Tuesday, August 16, 2011

What Is Wrong With You?

When doing some research for a previous post (hey, a lot of research goes into this blog, quit laughing!) I entered "onesie" into Google to check the spelling since, strangely, it does not appear in my spell check.  Well, I was slightly alarmed to see the second recommendation (thanks google!) was "Onesies for adults".  Being a curious sort, I clicked through, and discovered a new world of products with horrific names like "jumpinjammerz" and "funzee."  Now, in theory, the idea of footed coverall pajamas seems kind of appealing, in a not very appealing kind of way, but in practice, well...




Okay, maybe the headless onesie look is unfairly creepy looking.  Let's see how it looks with a person inside...  
Fine, so it's no less creepy.  In fact, it is actually way more creepy.  Super creepy.  In fact, I think I may need a shower.  


But wait, that's not all!  No, not even close.  No, the adult onesie is incredibly versatile;


You can support the armed forces:   

Now, just because they may not see it, don't think they won't feel your support.  It feels like a slight tingling in the back of your knees.

You can apparently, what, poop in it?

Awesome.  

And just because you're wearing an infant's outfit doesn't mean you can't look, uh, sexy?



Maybe it's sexy to someone?  Unfortunately, I think that someone is a pedophile.  

And don't think you disaffected, surly teenagers need to be left out.  There are onesies for them too!!! 

 

They have skulls.  Skulls are badass, right?

And for the imbeciles in your life (you know who they are), well we've got many options for them:
WE'RE FROGS!!!!
I'M FLYING!!!

MY JOINTS DON'T WORK RIGHT!!!!
Look, if you want to dress as a baby, be my guest.  Hell, throw a pair of Depends on under your onesie if it makes you happy.  But please, don't go out in public.  And, google, could you please leave me out of it?  
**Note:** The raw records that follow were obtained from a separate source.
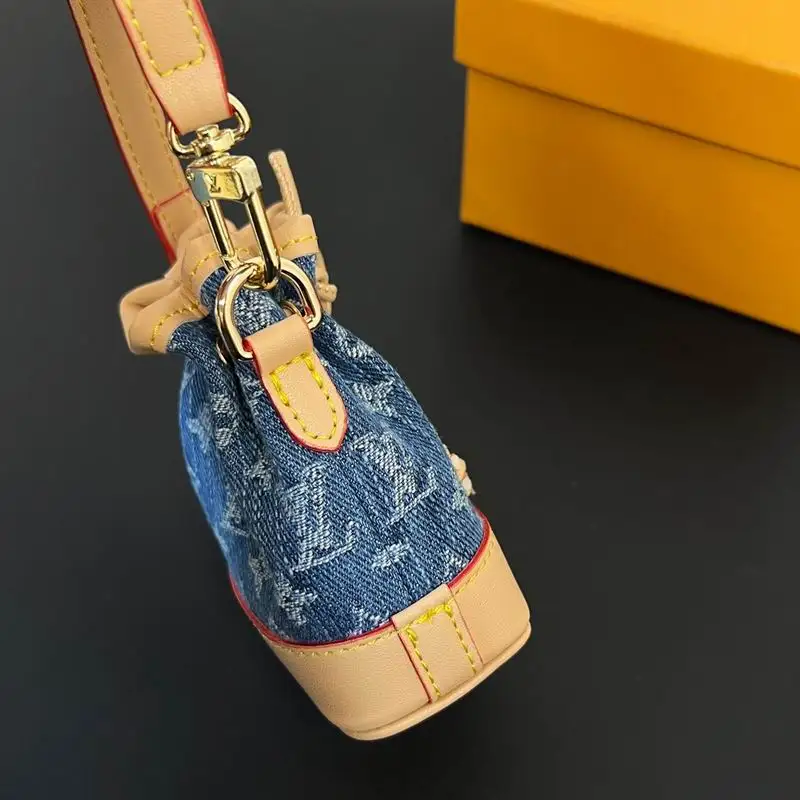 LV keyring lyh148 (3)
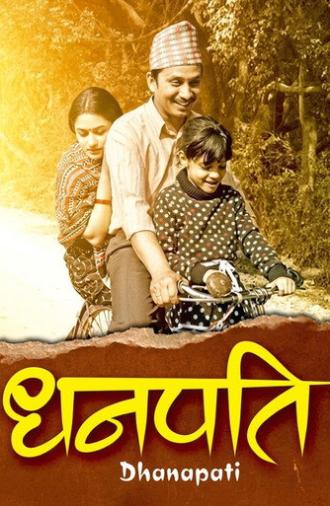 Dhanapati (2017)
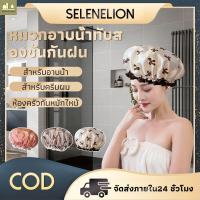 ราคา หมวกอาบน้ำสองชั้น หมวกอาบน้ำกันน้ำ หมวกอาบน้ำหนาสำหรับผู้หญิง หมวกอาบน้ำสระผม หมวกอาบน้ำผู้ใหญ่ ผ้าคลุมผมเด็ก (44323533960)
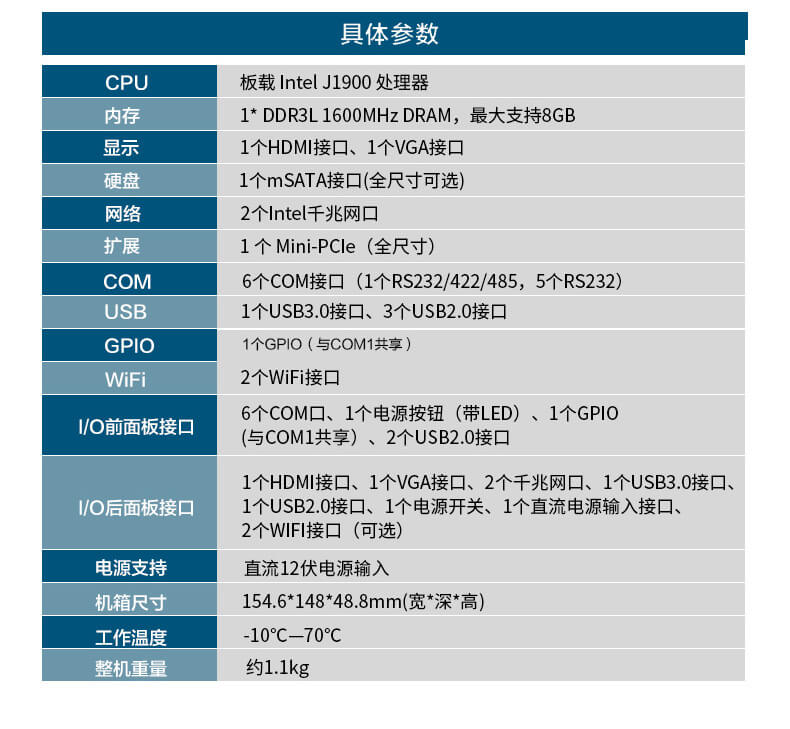 無風(fēng)扇工控機定制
Wednesday, August 10, 2011

Moving On Up

Having a child, we were convinced our little condo was more than enough space for the three of us.  After all, it worked well for just the two of us, so adding a third, especially a tiny little person, would be easy-peasy.  Alas, what we didn't realize was that the child is only the tip of a plastic, battery powered, space hogging iceberg.  If you are unfamiliar with what I am talking about here's a three step process to understand. 


Step 1) Go to the house of someone who has a 6-12 month old.  Hopefully they're family or a friend or at least an acquaintance, but if you have to break into some family's home, well, sometimes we have to make a sacrifice for the sake of education.  


Step 2) Close your eyes and take a step.


Step 3) Open your eyes.  That thing you stepped on, that hurt like hell and caused you to stumble into that other thing, which made you totally lose your balance and go crashing into a pile of other crap.  Yeah, that's the plastic shit I'm referring to.


Diapers, diaper genies, changing pads, onesies, , bouncy chairs, swings, slings, cribs, exersaucers, playpens, books, toys, strollers, pack n' plays, etc. etc. etc.  They all infiltrate your life and fill up all the available space in your home, displacing the things you used to have, like floor space and furniture with hard edges.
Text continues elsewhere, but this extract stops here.